In February 2019, an outside panel of experts recommended in a 14–2 vote that the FDA approve the nasal spray version of esketamine for TRD, provided that it be given in a clinical setting, with people remaining on site for at least two hours after. The reasoning for this requirement is that trial participants temporarily experienced sedation, visual disturbances, trouble speaking, confusion, numbness, and feelings of dizziness during immediately after. The approval of esketamine for TRD by the FDA was controversial due to limited and mixed evidence of efficacy and safety. In January 2020, esketamine was rejected by the National Health Service (NHS) of Great Britain. The NHS questioned the benefits of the medication for depression and claimed that it was too expensive. People who have been already using esketamine were allowed to complete treatment if their doctors considered this necessary.
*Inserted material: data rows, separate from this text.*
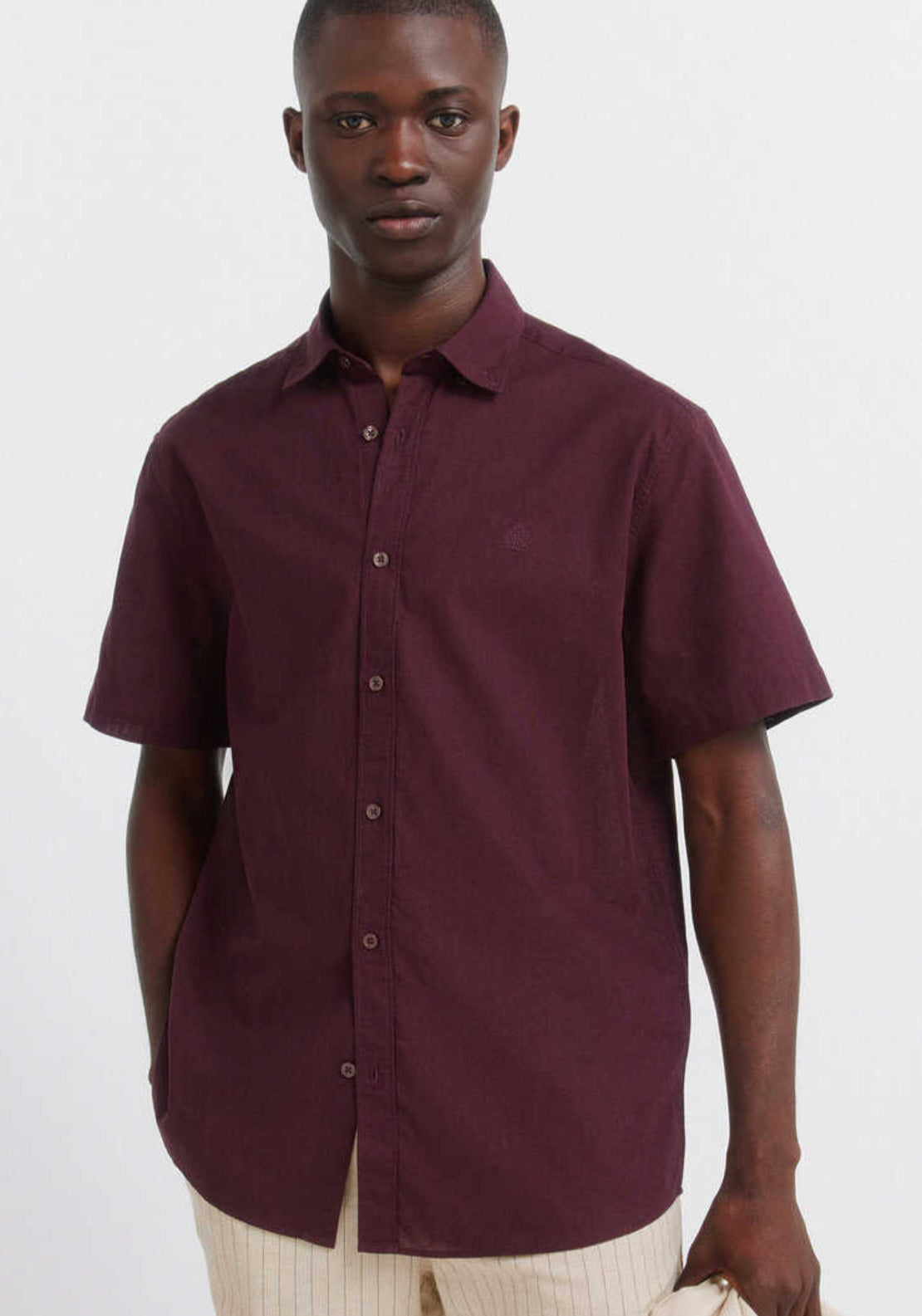 Linen Blend Short Sleeve Shirt - Red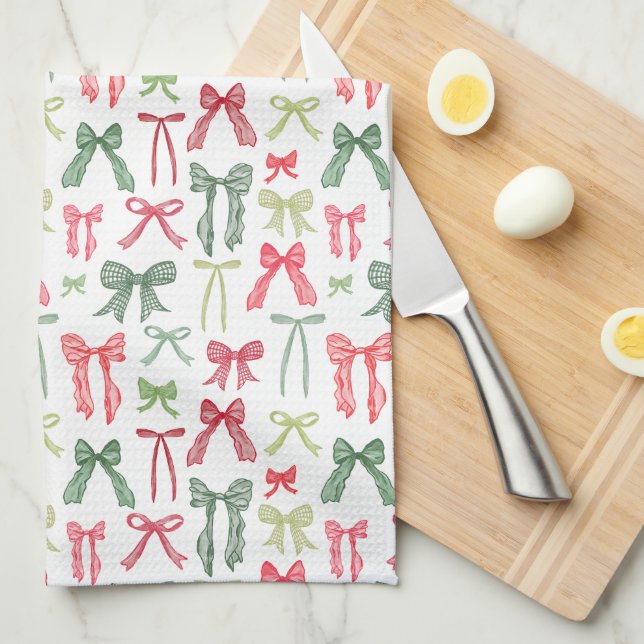 Coquette Christmas Bows Red Green Kitchen Towels Kökshandduk (Vikt i Fjärdedel)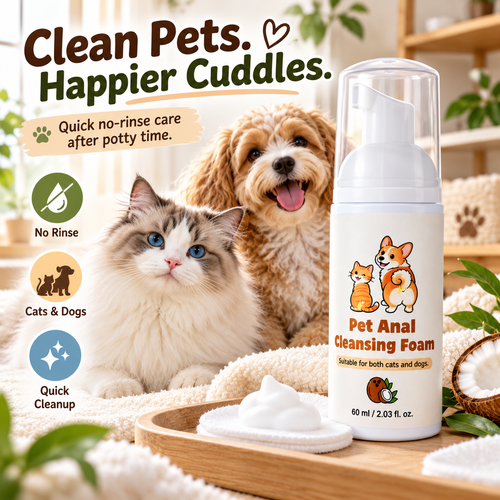 🐾 PET CARE ESSENTIAL | No-Rinse Pet Anal Cleansing Foam – Quick Post-Potty Cleanup for Cats & Dogs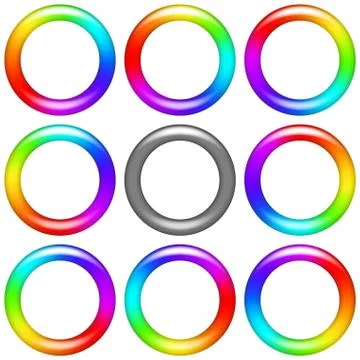 Rainbow ring, set Stock Illustration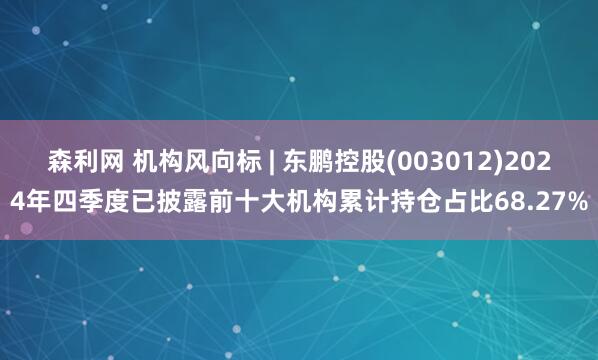 森利网 机构风向标 | 东鹏控股(003012)2024年四季度已披露前十大机构累计持仓占比68.27%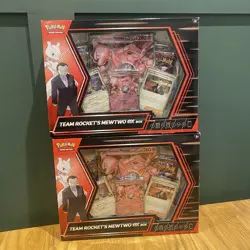 POKEMON TCG SCARLET & VIOLET DESTINED RIVALS TEAM ROCKET'S MEWTWO EX BOX X2 - Image 1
Spravato debuted to a cost of treatment of  per year when it launched in the United States in March 2019. The Institute for Clinical and Economic Review (ICER), which evaluates cost effectiveness of drugs analogously to the National Institute for Health and Care Excellence (NICE) in the United Kingdom, declined to recommend esketamine for depression due to its steep cost and modest efficacy, deeming it not sufficiently cost-effective.

Esketamine is the second drug to be approved for TRD by the FDA, following olanzapine/fluoxetine (Symbyax) in 2009. Other agents, like the atypical antipsychotics aripiprazole (Abilify) and quetiapine (Seroquel), have been approved for use in the adjunctive therapy of MDD in people with a partial response to treatment. In a meta-analysis conducted internally by the FDA during its evaluation of esketamine for TRD, the FDA reported a standardized mean difference (SMD) of esketamine for TRD of 0.28 using the three phase 3 short-term efficacy trials conducted by Janssen. This was similar to an SMD of 0.26 for olanzapine/fluoxetine for TRD and lower than SMDs of 0.35 for aripiprazole and 0.40 for quetiapine as adjuncts for MDD. These drugs are less expensive than esketamine and may serve as more affordable alternatives to it for depression with similar effectiveness.

Adverse effects
The most common adverse effects of esketamine for depression (≥5% incidence) include dissociation, dizziness, sedation, nausea, vomiting, vertigo, numbness, anxiety, lethargy, increased blood pressure, and feelings of drunkenness. Long-term use of esketamine has been associated with bladder disease.

Pharmacology

Pharmacodynamics
Esketamine is approximately twice as potent an anesthetic as racemic ketamine.

In mice, the rapid antidepressant effect of arketamine was greater and lasted longer than that of esketamine. The usefulness of arketamine over esketamine has been supported by other researchers.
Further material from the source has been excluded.